A few months ago, Dr. Hyde had announced that one of the new hires, Dr. Ng, had run out of time on her visa application and was returning to Canada after only a year. It was the first time the office had “lost” a doctor. During the first month without Dr. Ng, production was down across the company. Dr. Hyde worked more patient hours to temper demand, but it wasn’t close to compensating for Dr. Ng. The following month, growth in collections was down enough to drop bonuses by 40 percent.

Nicole provided evaluations mid-month as usual, taking care to explain the shortfall. She got enormous pushback: Dr. Hyde was always emphasizing the ways in which staff could influence the outcome of a bonus, but what can be done about a doctors’ lost production? Hiring a replacement would take many months.

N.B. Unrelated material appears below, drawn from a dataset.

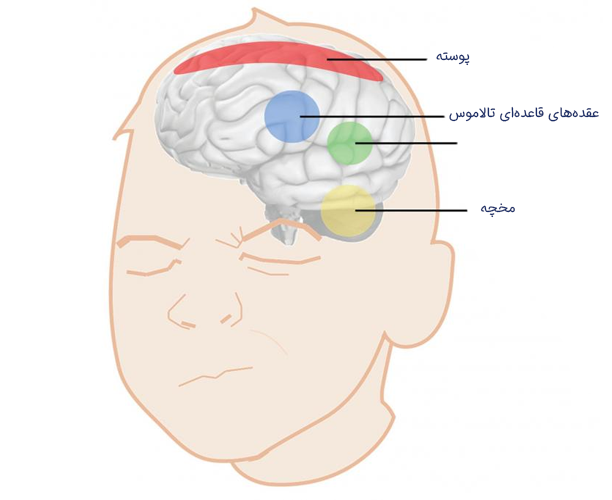 دانستنی سلامتی \چرا تیک عصبی میگیریم؟
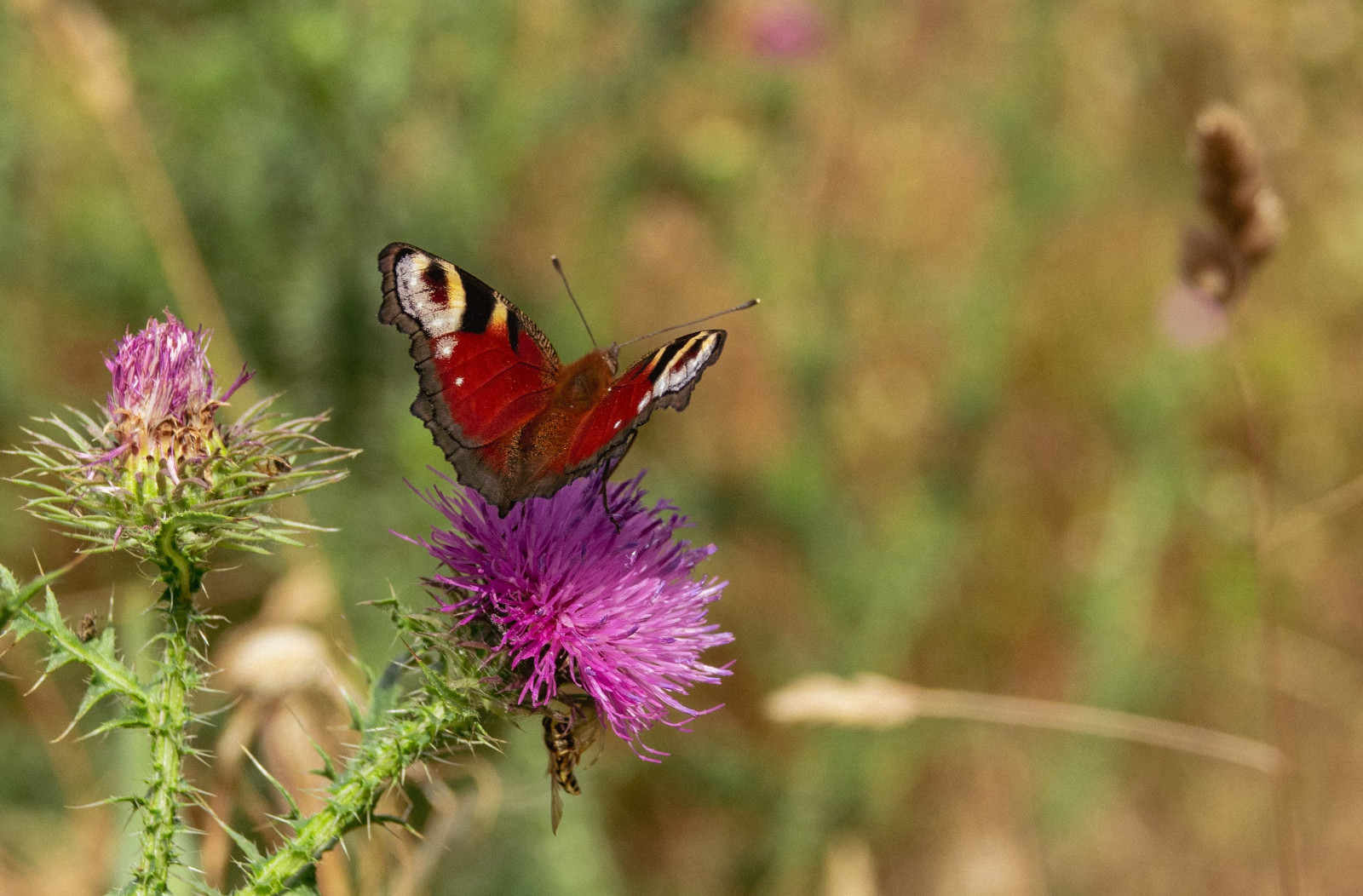 Ein Tagpfauenauge und eine Schwebfliege sitzen auf einer Distel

Nicole continued to emphasize individual and team metrics but as collections remained lower than last year’s numbers, the office culture changed. The department supervisors had been trained to utilize monthly reviews as both carrot and stick, but some team members were resigned to this new normal—and they were dragging everyone else down.

The Big Questions

  • Would such a detailed evaluation motivate or demotivate you? Why?
  • Should the bonus formula get adjusted or prorated to compensate for fewer staff members?
  • If a practice wants to use their bonus system as a management tool, what key features must it possess to ensure efficacy and stability?
Kimberly M.
Great Bend, KS

Our bonus is based on gross optical sales for the month and attendance. We have a goal of X percent over the same month, prior year. Then Y percent over that goal amount is allocated to full time staff. They can only have A hours of unplanned absences before they lose half or all of their bonus. (Pre-arranged absences are exempt from reduction calculation.) Any reductions (staff receiving only half bonus) are then added and split between the remaining full bonus eligible staff, equally. Works really well, but also sucks when you’re short a couple $100 at month’s end. Definitely boosts morale and gets all the departmental teams thinking as one big team. And the doctors get to enjoy the overall increase as well. Everyone likes a few extra dollars in their check — sometimes it’s small and sometimes it exceeds regular paycheck gross. Our optical department are rock stars!

Rick R.
Girard, PA

1. That detailed of an evaluation every single month would be a huge demotivator, because it’s every single month. What a waste of hours.
2. If it’s based off profits, sure. That should be upfront from the beginning.

Yen N.
Dallas, TX

For someone who values their time incredibly, a detailed evaluation only makes sense from an owner/business standpoint. Performing well at your job should be the standard. Bonuses should really increase morale and sales, because over-exceeding is when you earn that extra compensation or prize. The bonus formula could be scaled down to fit the number of ODs they have, especially if the structure intertwines with that factor. Spiffs are a great motivator to target a specific type of boost in sale. Though, again, it should ideally exceed the base line goal in order for it to be effective.

Judy C.
Virginia Beach, VA

Good grief! This system has so many moving parts, I wouldn’t know where to begin to evaluate my own performance, much less anyone else’s. Simplify everything. What are your practice goals and are they being met or exceeded? Establish some benchmarks and are they being met or exceeded? Every staff member has (hopefully) been hired to perform a specific job. Evaluate that.